Mark Bauerlein writes for the Martin Center about a new book focusing on the political left’s role on college campuses.

… [A]n institution dominated by liberal norms and ideas, but functioning in conservative ways, puts leftist professors in an impossible position. They want a better future—more diversity, fewer bars to personal fulfillment—but they must sustain and repeat an aging past of critical theory while working for a business that, in their own opinion, grows ever more “corporate” and utilitarian.

Nobody wants to give up a tenured post, though. The perks and pay are too nice. So they try to accommodate both obligations—the progressive dreams and professional duties. They instruct the young in old things, yes, but at least they’re iconoclastic and progressive old things. They work in the special zones of exclusive schools, but at least they can turn parts of the acreage into safe spaces and reserves for marginalized identities.
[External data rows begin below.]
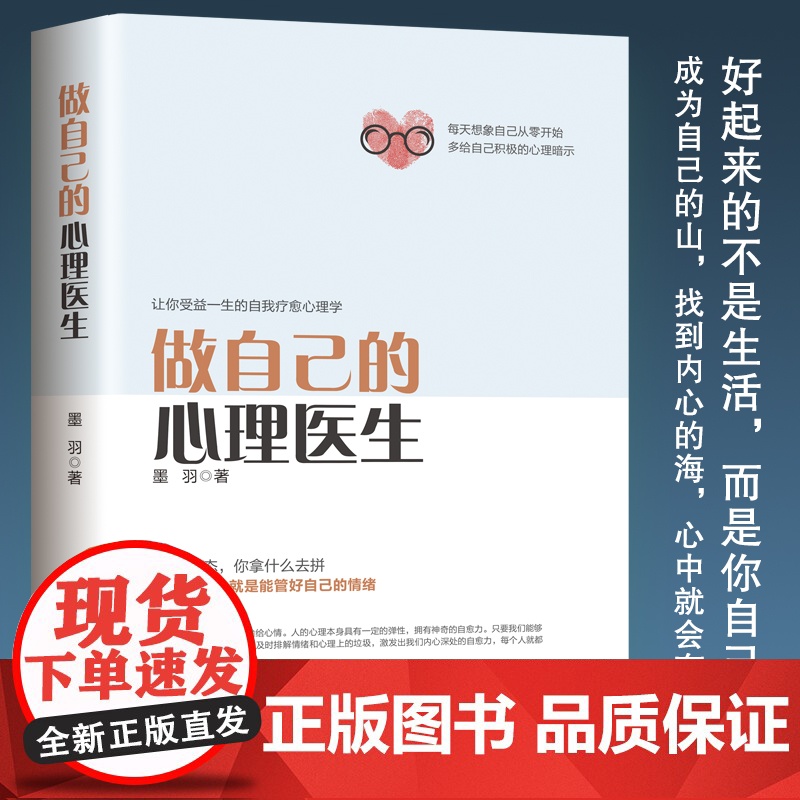 做自己的心理医生 心理疏导书籍 情绪心理学入门基础 走出抑郁症自我治疗心里学焦虑症自愈力解压 焦虑者的情绪自救高清大图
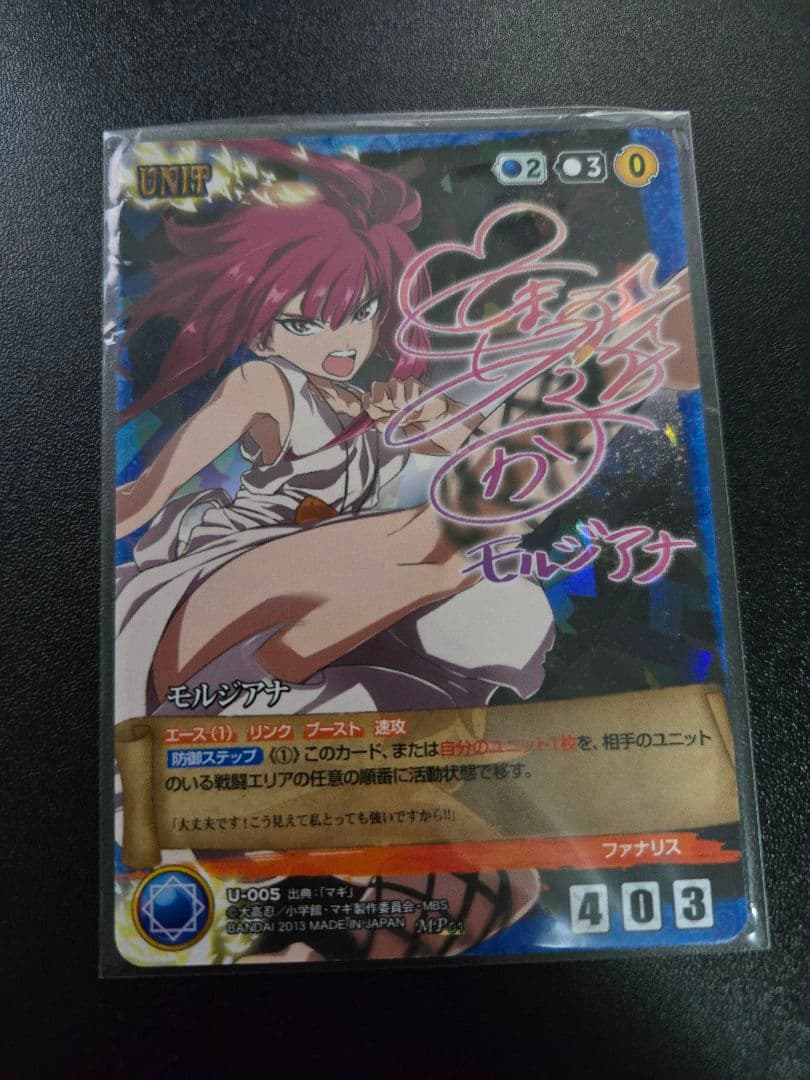 クルセイド マギ モルジアナ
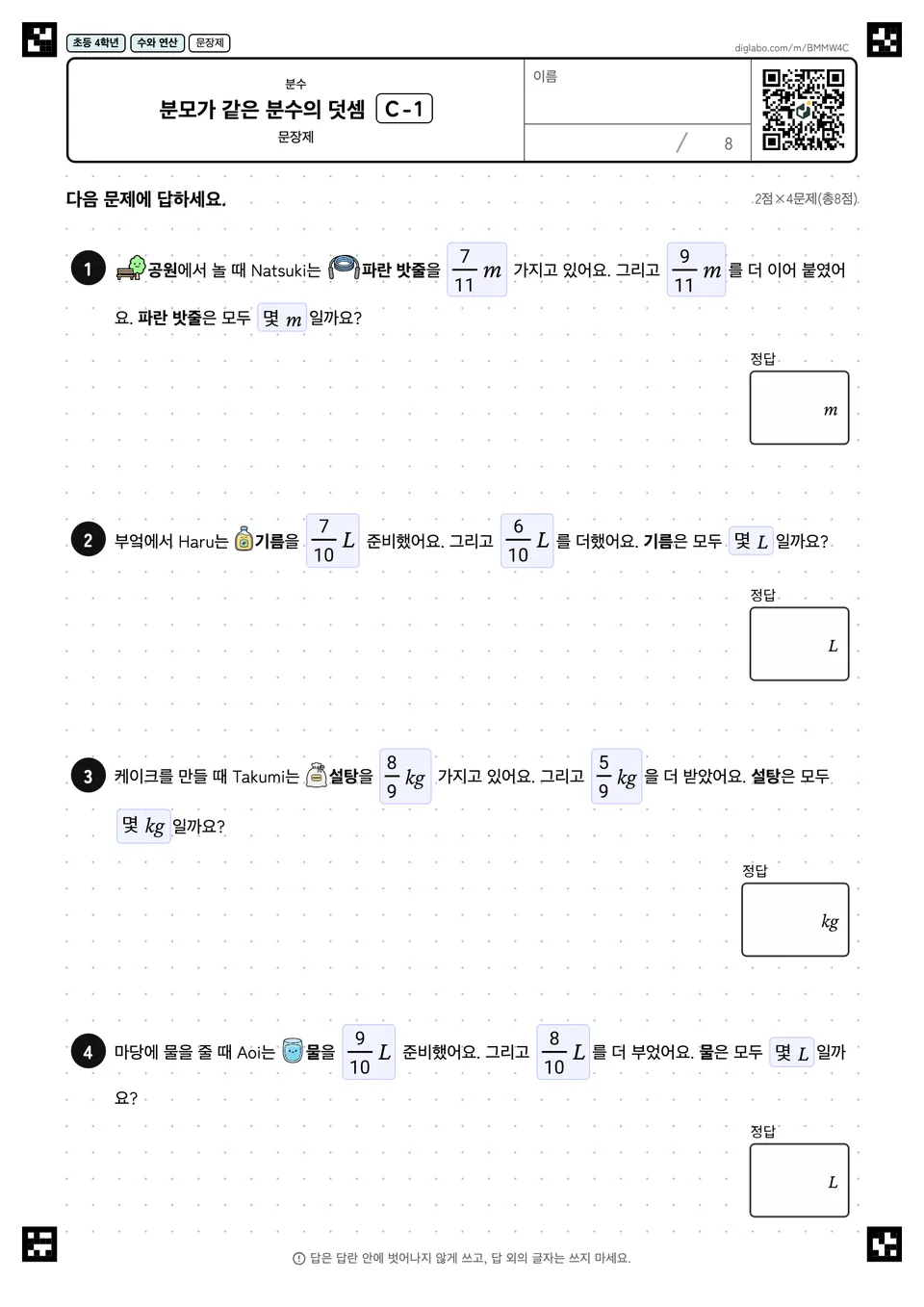 초등학교 4학년 분수 분모가 같은 분수의 덧셈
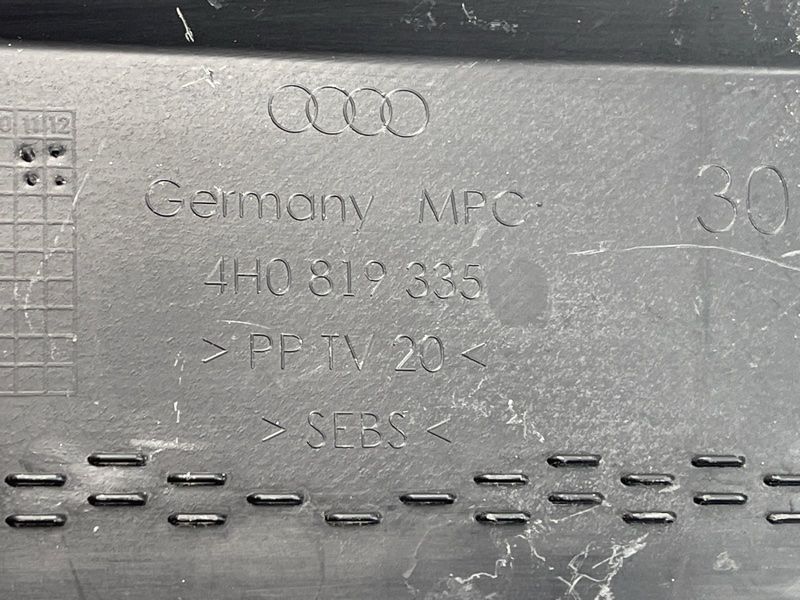 Захист жабо Audi A8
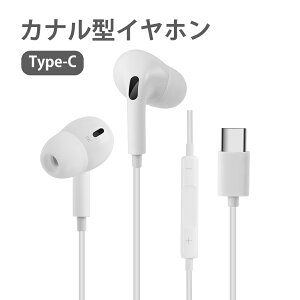 Type-C Ji^ LCz Rt  ^CvC CtH ʒ X}z ^ubgΉ Rh~ Չ ʋ X|[c ׋ [g Cz ʘb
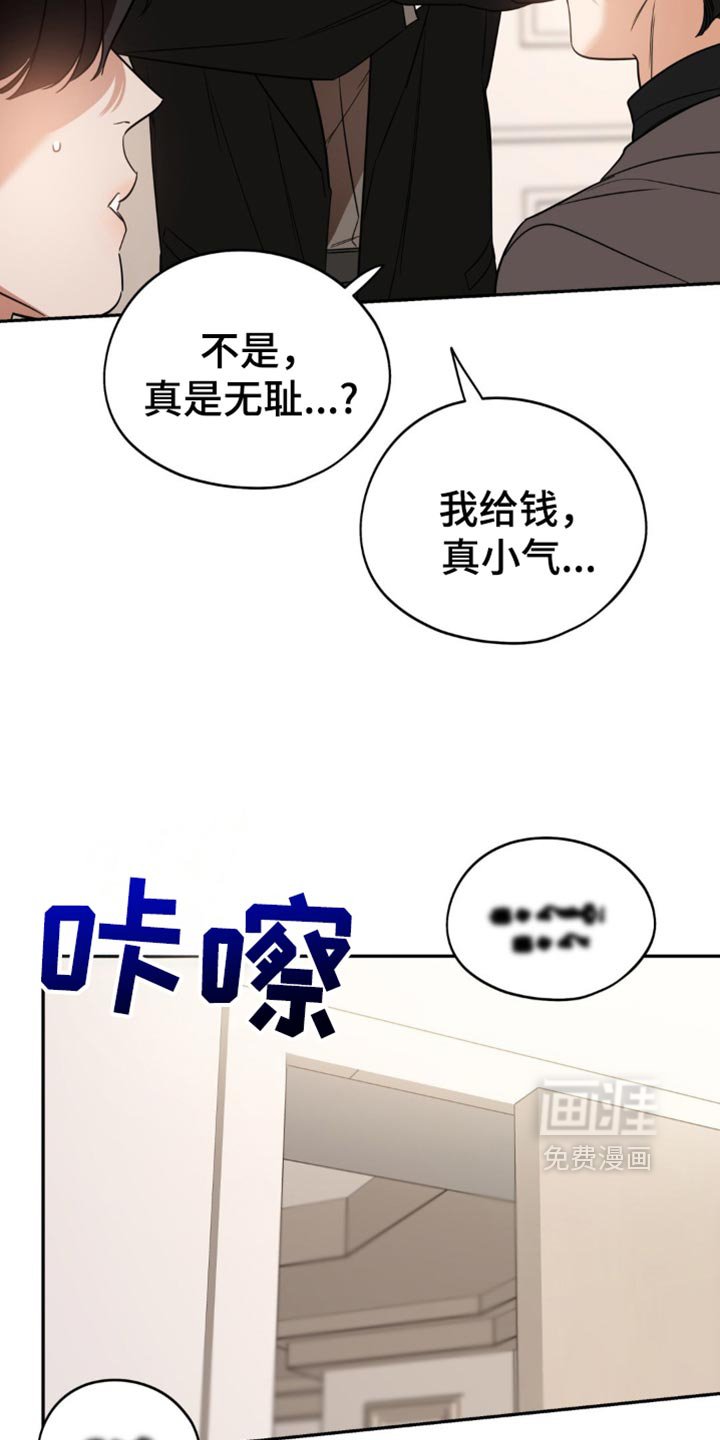 第69章：【第二季】不应该让你经历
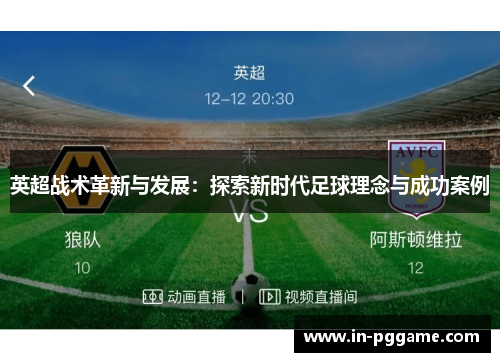 英超战术革新与发展：探索新时代足球理念与成功案例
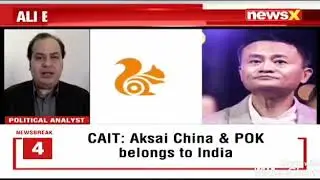 Sumit Peer, Political Commentator Debate :#AliBaba #ChinaDebt #PLA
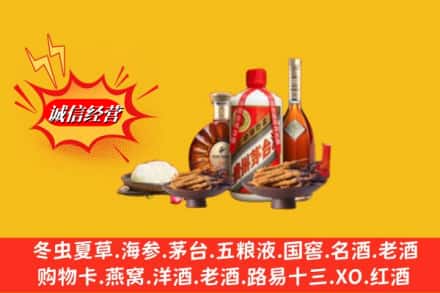 榆林子洲县回收礼品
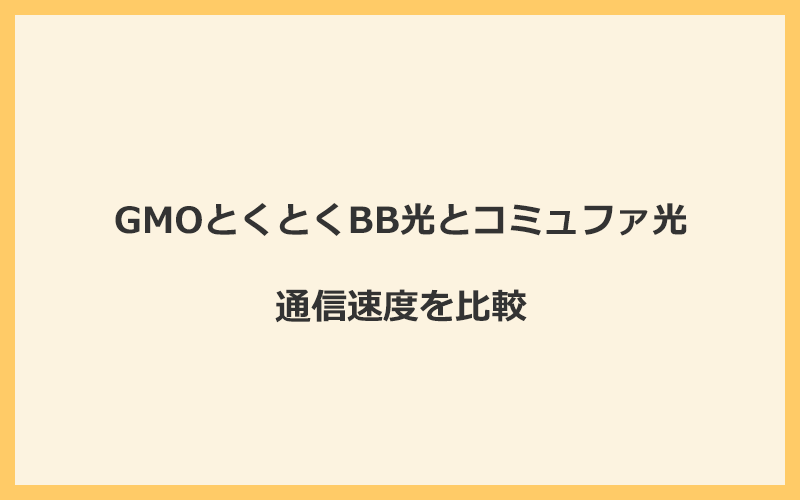 GMOとくとくBB光とコミュファ光の速度を比較！独自回線を使うので速くなる可能性が高い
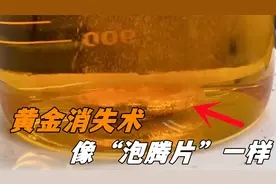 王水是如何溶解黄金的？把金条放入王水中，像泡腾片一样冒泡溶解视频封面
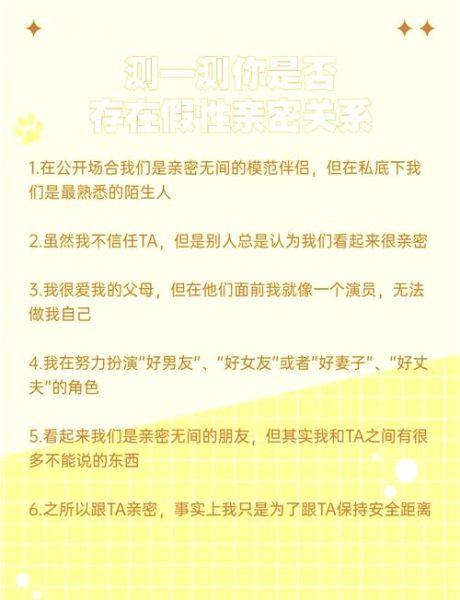 如何假装幸福_假装幸福的表现有哪些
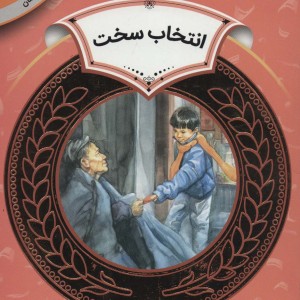 آموزش سواد مالی 9 انتخاب سخت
They inhabit one of the most hierarchical habitats on earth, but that doesn’t stem the egalitarian, anti-discrimination talk at all.

As a result, you can’t pin them down. One of the great frustrations over the years has been to watch libertarians and conservatives catch them in one inconsistency and contradiction after another—for instance, their steady insistence on diversity at the same time that conservatives have disappeared from their ranks—and believe they have scored serious hits in academic and public debate. But nothing changes. Liberal professors just shrug and go back to work.

This is why the affair of the Academic Bill of Rights is illuminating and deserves to be remembered. Happily for us, [David] Horowitz assembles the story in his just-published volume, The Left in the Universities.